* EXERCISE *
Produce a verbatim transcription of the entries, with all pictures omitted.

Saved entries
:::

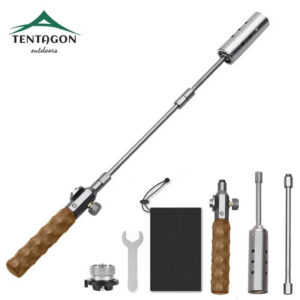 b87bc173da1bc50a Wood Handle Removable Three-stage Burner Outdoor Camping Torch Cooking Bbq Igniter Cassette Gas Tank Highpower Flame Gun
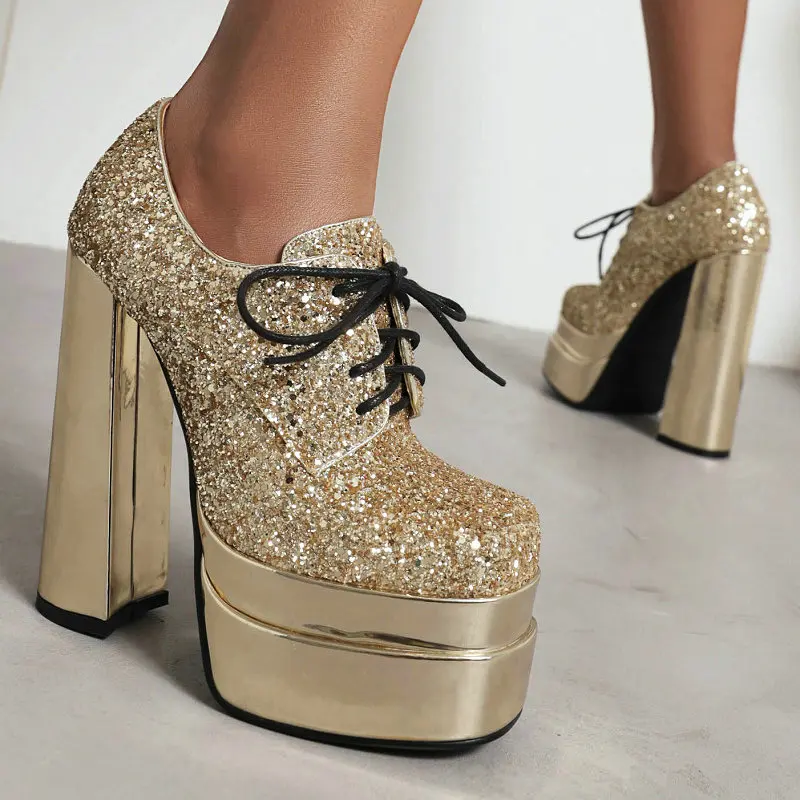 

Square Closed Toe Sequins Glitter Bling Bling Women Oxfords Pumps Gold Silver Red Platform Block High Heels Female Shiny Shoes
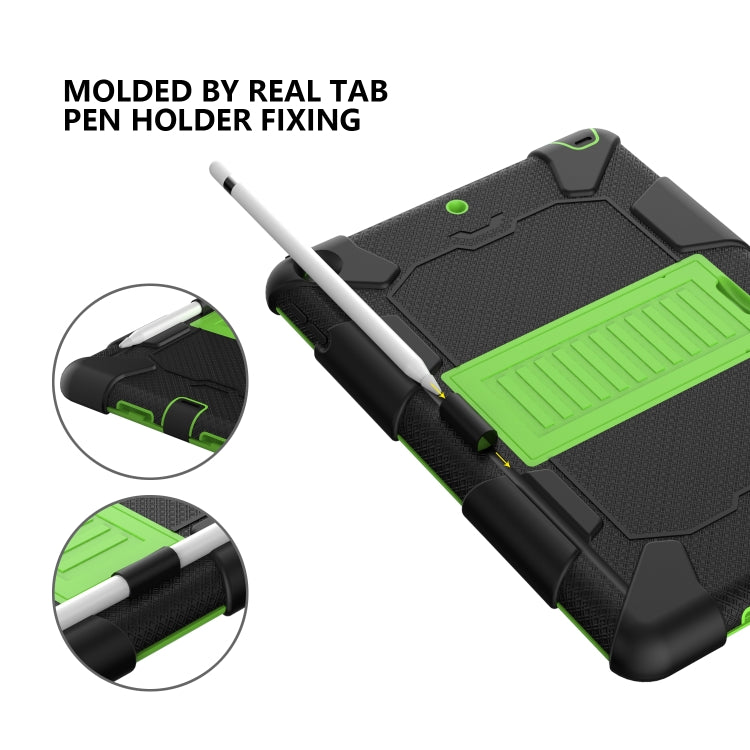 For iPad 10.2 Shockproof Two-Color Silicone Protection Case with Holder & Pen Slot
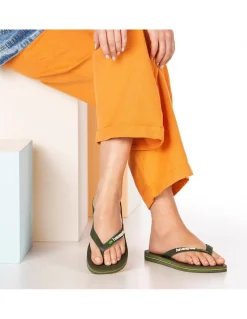 New havaianas Tongs Homme Brasil Logo Vert Olive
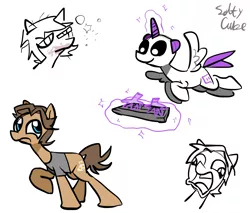 Size: 2000x1700 | Tagged: safe, artist:saltycube, derpibooru import, ponified, alicorn, earth pony, pony, colt, duo, image, jerma985, keyboard, magic, male, png, reddit, simple background, sketch, twitch, white background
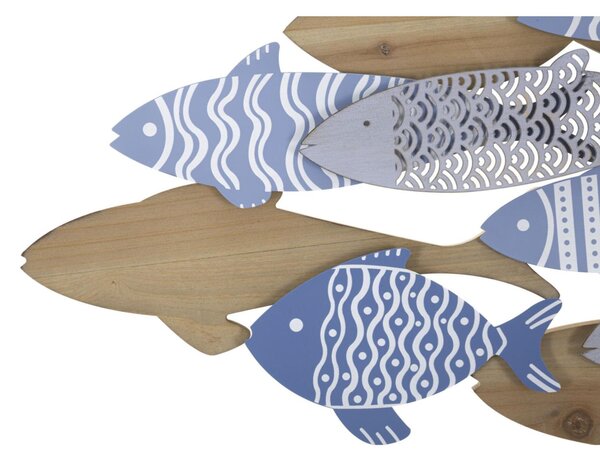 Pannello decorativo 3D FISH SEA da parete in metallo e legno raffigurante un gruppo di pesci. Dimensioni 91x3x33,5 cm multicolor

:::

* ANSWER FOR THIS EXERCISE *
 b87bc173da1bc50a Wood Handle Removable Three-stage Burner Outdoor Camping Torch Cooking Bbq Igniter Cassette Gas Tank Highpower Flame Gun

Square Closed Toe Sequins Glitter Bling Bling Women Oxfords Pumps Gold Silver Red Platform Block High Heels Female Shiny Shoes
 For iPad 10.2 Shockproof Two-Color Silicone Protection Case with Holder & Pen Slot
 New havaianas Tongs Homme Brasil Logo Vert Olive
 Size: 2000x1700 | Tagged: safe, artist:saltycube, derpibooru import, ponified, alicorn, earth pony, pony, colt, duo, image, jerma985, keyboard, magic, male, png, reddit, simple background, sketch, twitch, white background
 Pannello decorativo 3D FISH SEA da parete in metallo e legno raffigurante un gruppo di pesci. Dimensioni 91x3x33,5 cm multicolor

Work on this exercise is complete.